# EXERCISE DIRECTIONS:
I need an exact copy of the lines from the one containing "6209 Sun Vista DR, Austin, TX 78749" through the end of the records, without any pictures.

EXTRACTED RECORDS below:

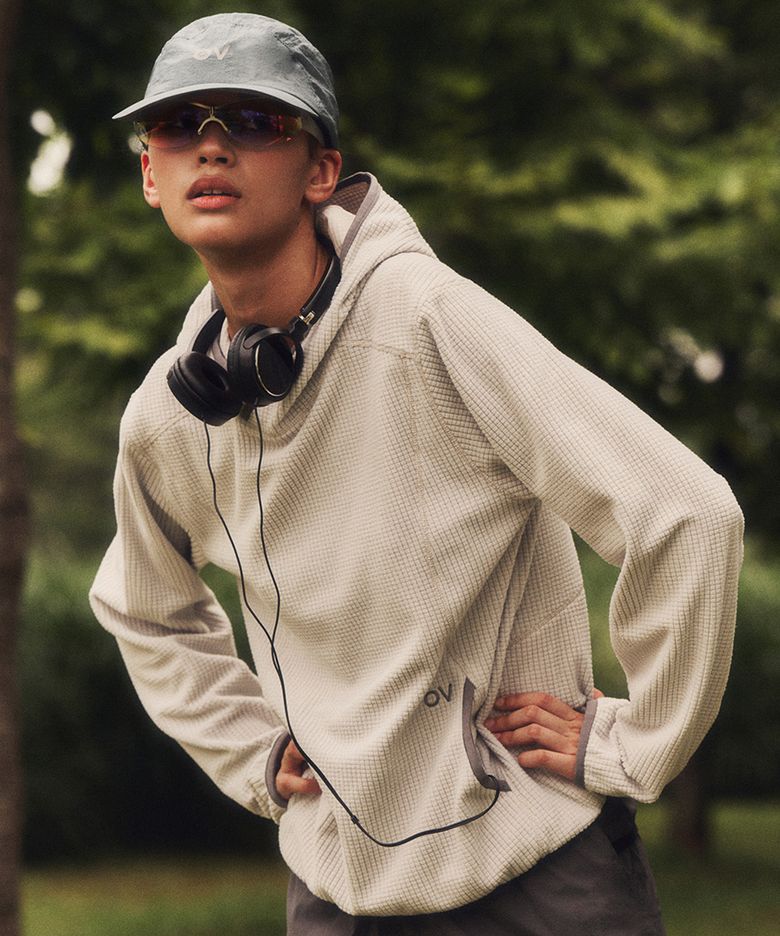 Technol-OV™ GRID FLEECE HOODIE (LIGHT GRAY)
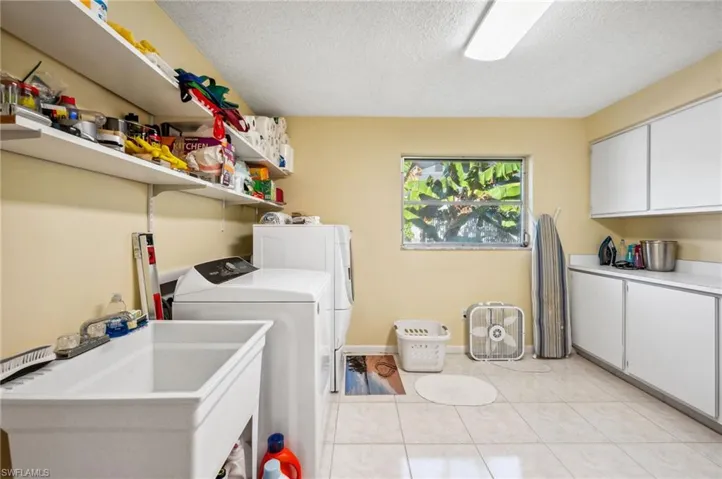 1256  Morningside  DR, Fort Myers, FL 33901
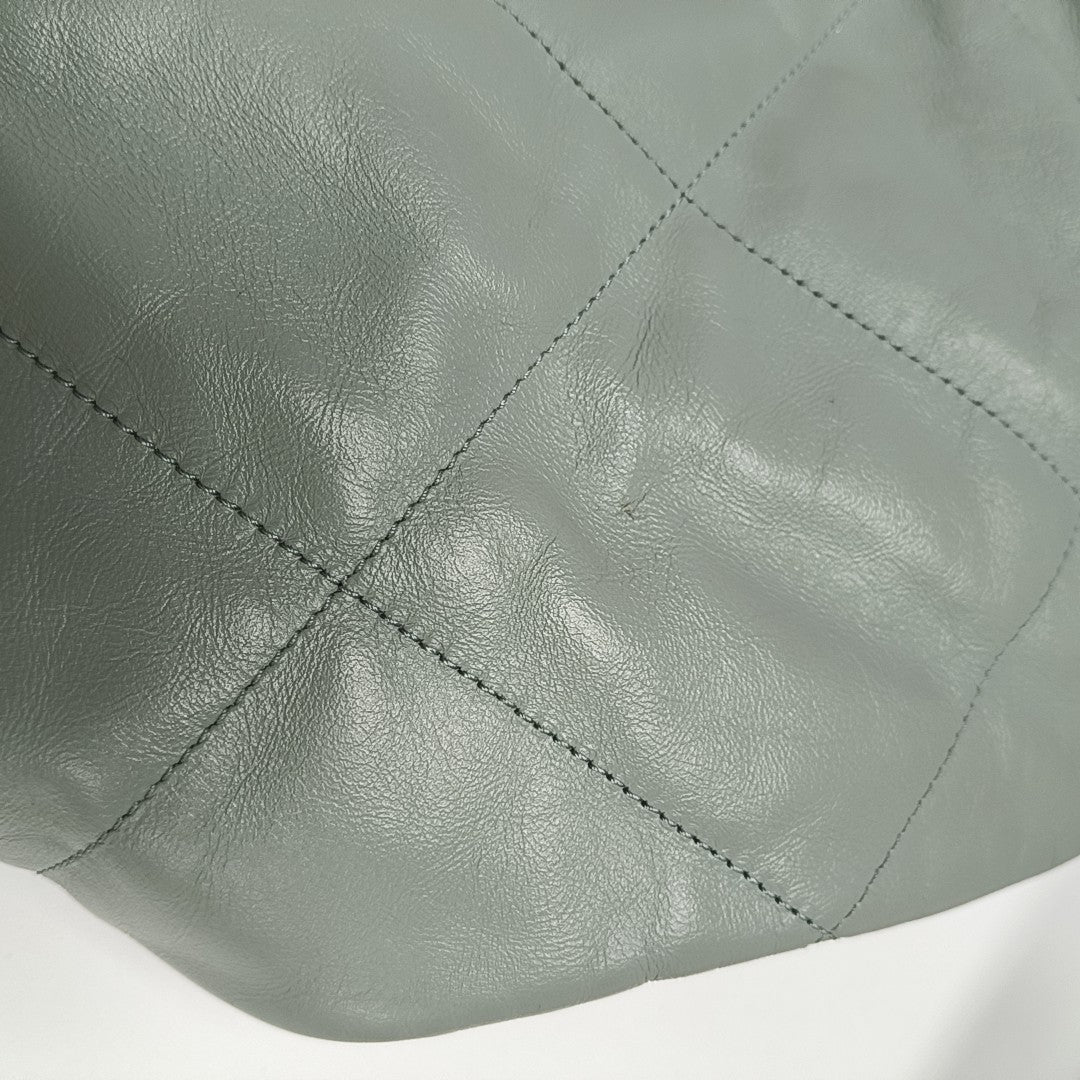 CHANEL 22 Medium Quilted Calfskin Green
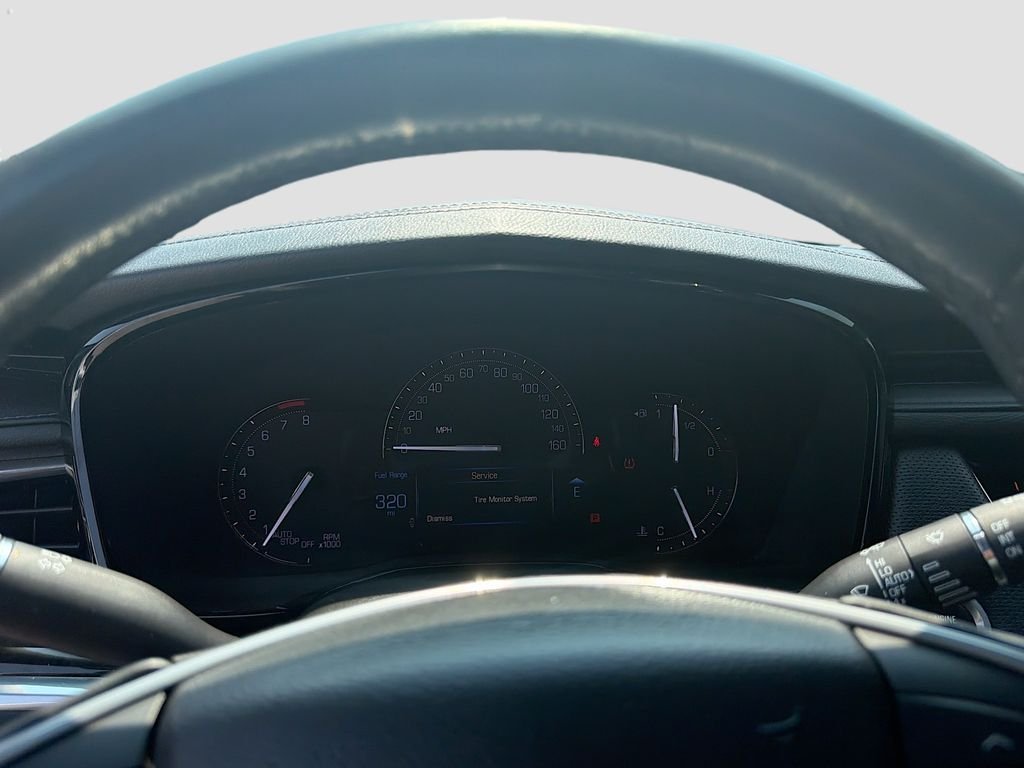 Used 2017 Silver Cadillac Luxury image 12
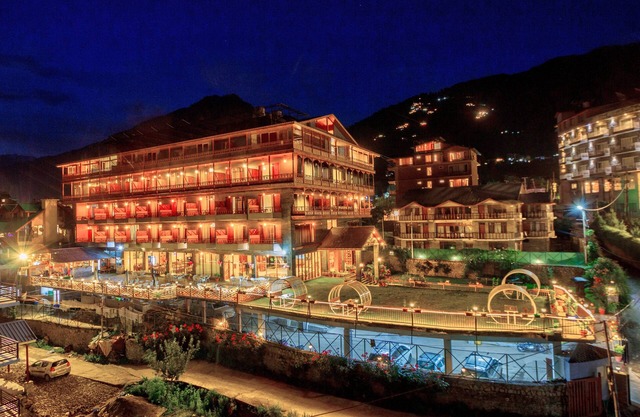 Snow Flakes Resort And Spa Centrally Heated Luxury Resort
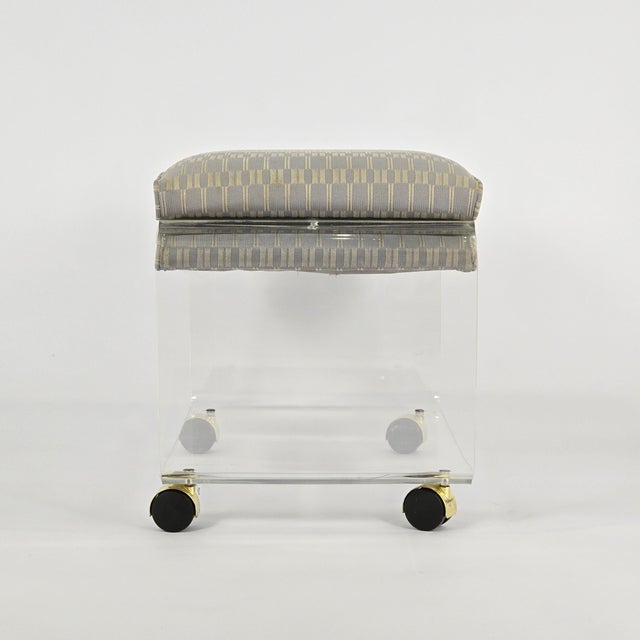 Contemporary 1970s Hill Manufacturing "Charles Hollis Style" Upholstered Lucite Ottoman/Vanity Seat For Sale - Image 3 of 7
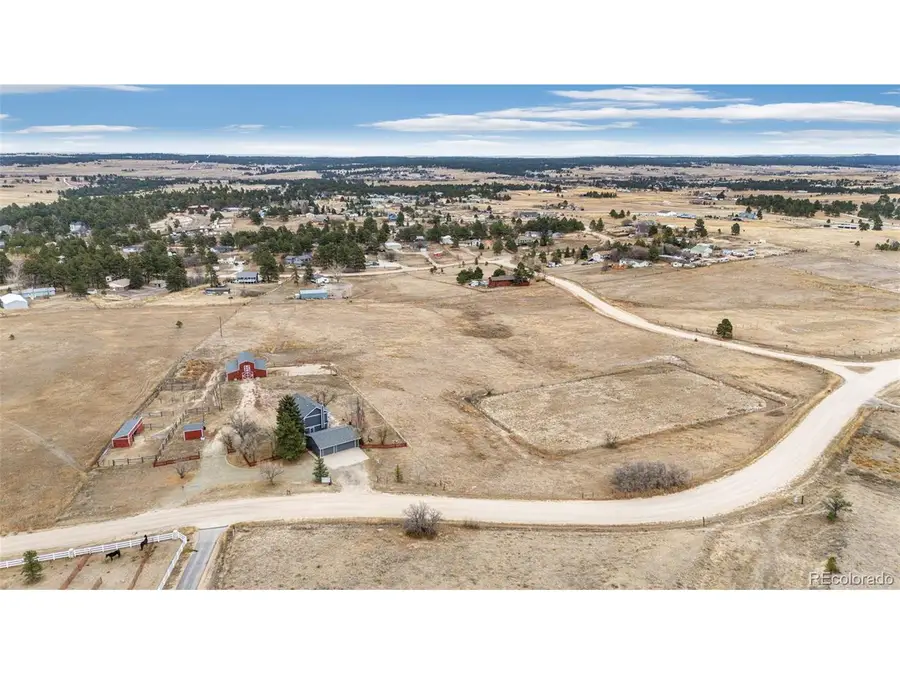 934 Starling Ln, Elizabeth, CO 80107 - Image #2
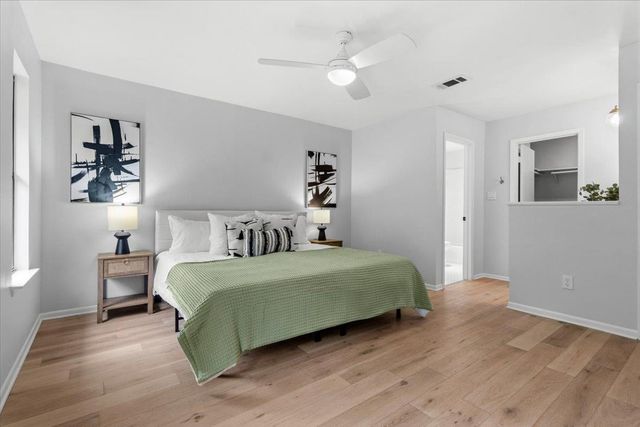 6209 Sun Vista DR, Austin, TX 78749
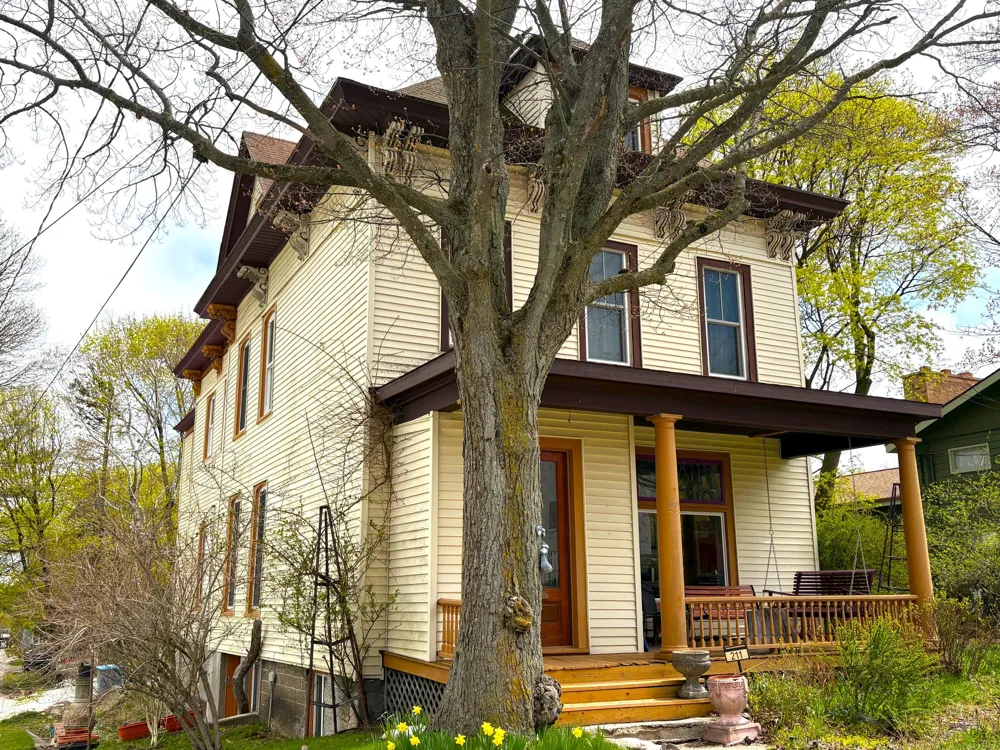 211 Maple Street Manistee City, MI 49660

End of EXTRACTED RECORDS.

# COMPLETED EXERCISE:
 6209 Sun Vista DR, Austin, TX 78749
 211 Maple Street Manistee City, MI 49660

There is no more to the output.